Michael Hodges

Cincinnati Bengals
- Title: Linebackers coach

Personal information
- Born: September 29, 1986 (age 39) San Antonio, Texas, U.S.
- Height: 6 ft 0 in (1.83 m)
- Weight: 226 lb (103 kg)

Career information
- High school: O'Connor (TX)
- College: Texas A&M
- Position: Linebacker

Career history
- Texas A&M (2011) Strength & conditioning assistant; Fresno State (2012–2013) Graduate assistant; Eastern Illinois (2014–2015) Linebackers coach; Eastern Illinois (2016) Co-defensive coordinator & safeties coach; New Orleans Saints (2017–2018) Defensive assistant; New Orleans Saints (2019) Assistant linebackers coach; New Orleans Saints (2020–2024) Linebackers coach; Cincinnati Bengals (2025–present) Linebackers coach;

= Michael Hodges (American football) =

American football player and coach (born 1986)

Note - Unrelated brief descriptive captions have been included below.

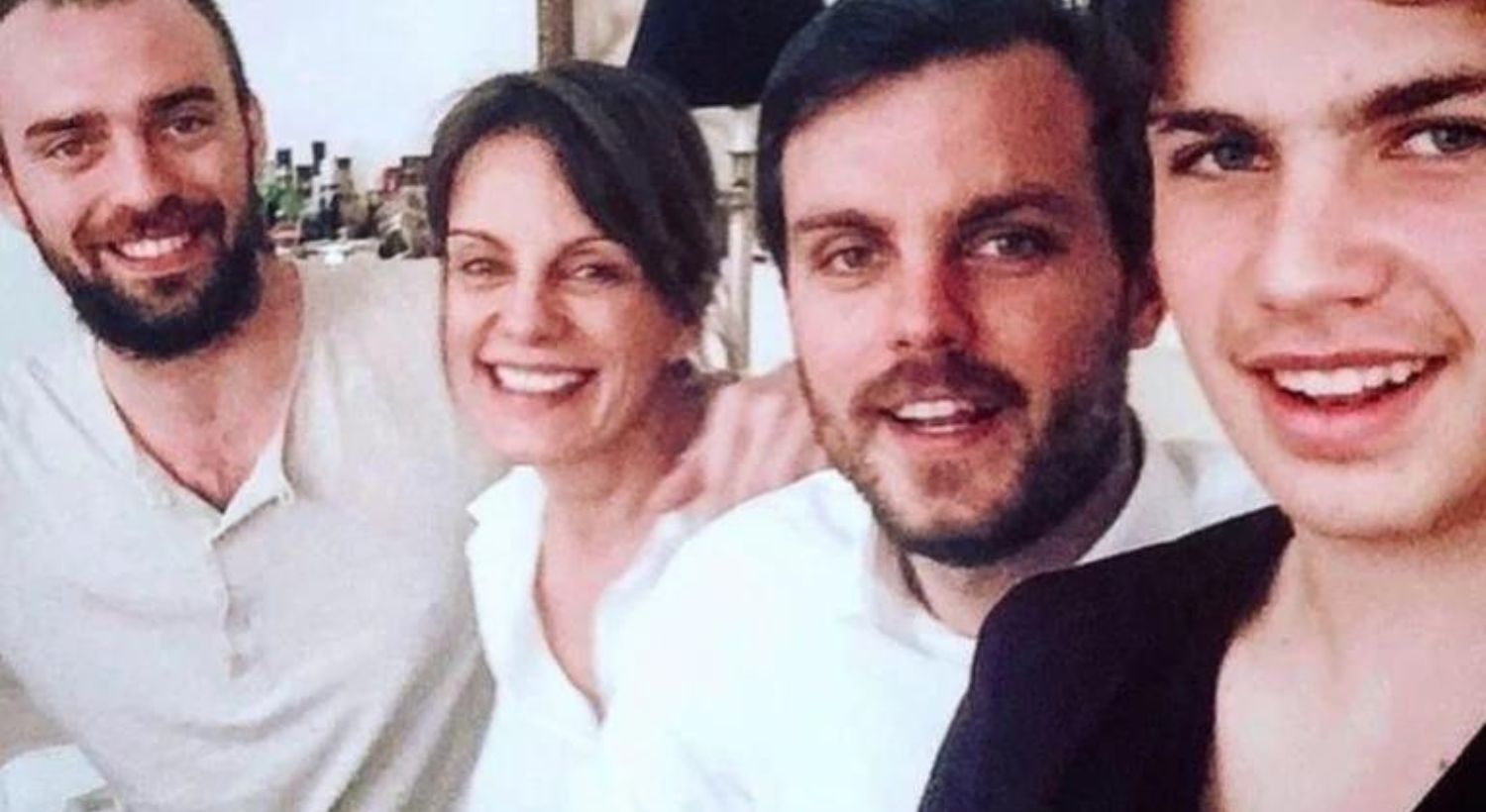 Nequi Galotti y sus hijos. 
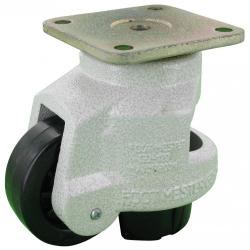 Låshjul - polyamid - glidlager - hjul-Ø 75 mm - kapacitet 1000 kg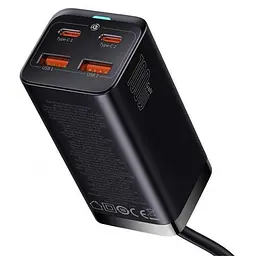 Мережевий зарядний пристрій Baseus GaN3 Pro Desktop Fast Charger 2Type-C+2USB 100 W CCGP000101 Black - мініатюра 5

Michael Hodges (born September 29, 1986) is an American football coach who is the linebackers coach for the Cincinnati Bengals of the National Football League (NFL).

== Playing career ==
Hodges initially played college football at the United States Air Force Academy, before transferring to Blinn College in Brenham, Texas before opting to walk-on at Texas A&M. As a senior, he was awarded the Aggie Heart Award, the highest honor given to a senior.

== Coaching career ==
After his playing career ended, Hodges worked as a strength & conditioning assistant at Texas A&M while he worked on his master's degree. He then went on to coach at Fresno State as a graduate assistant working with the inside linebackers from 2012 to 2013. Hodges was hired to coach linebackers at Eastern Illinois in 2014, and was eventually promoted to co-defensive coordinator in 2016.

=== New Orleans Saints ===
Hodges was hired by the New Orleans Saints in 2017 to work as a defensive assistant. He was promoted to assistant linebackers coach in 2019.

He was promoted to linebackers coach in 2020 following the departure of Mike Nolan.

=== Cincinnati Bengals ===
Hodges was hired by the Cincinnati Bengals as their linebackers coach on January 27, 2025.

== Personal life ==
A native of Helotes, Texas, Hodges graduated from Texas A&M University with both a BS in Sports Management and a master's degree in marketing. He and his wife Ashley have two children.